The $^{26}$Al line is strong towards the GC, where the gas in the inner Galaxy is dominated by the Central Molecular Zone, towards the central Bar region and towards the tangent point of the spiral arms and a few star-forming regions like the Cygnus region. Exactly towards these region we observe the shift in the maximum of the gamma-ray spectrum.
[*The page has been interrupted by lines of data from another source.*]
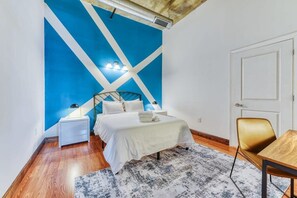 A bedroom with a bed, bedside tables, a desk, and a chair. - Sosuite | 2BR Apt w W/D, Gym, On-Site Restaurant (Philadelphia)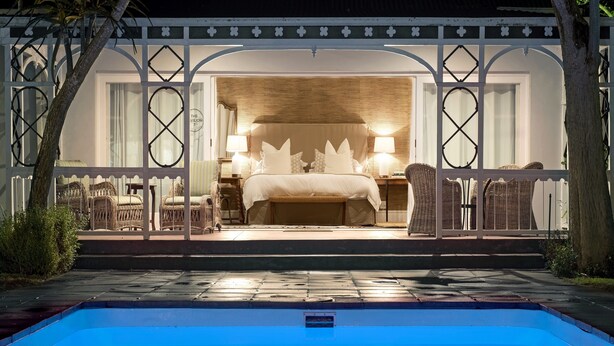 Un dormitorio con una cama grande, dos lámparas de noche y muebles de mimbre.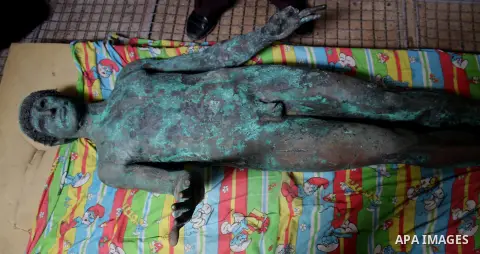 A picture taken on September 19, 2013 shows a 2,500-year-old bronze statue of the Greek god Apollo discovered by Palestinian fishermen last August. Lost for centuries, the rare bronze statue of the Greek God Apollo has m...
Since this morphology contradicts the morphology from DM, the DM interpretation is excluded by this observation.

Summary

A 2015 Nature article entitled: „Mysterious Galactic Signal points LHC to Dark Matter(DM)“ discusses the so-called GeV gamma-ray excess in the Galactic Center (GC), see
http://www.nature.com/news/mysterious-galactic-signal-points-lhc-to-darkmatter-1.17485. This excess has been widely discussed in the literature as a possible DM signal.
We prove that this excess in not only from the GC, but observed in all directions of star-forming molecular cloud regions. Hence, it is not connected to DM. We show that the excess is easily explained by the propagation of cosmic rays in the dense environment of molecular clouds, thus making an essential step towards solving this outstanding problem.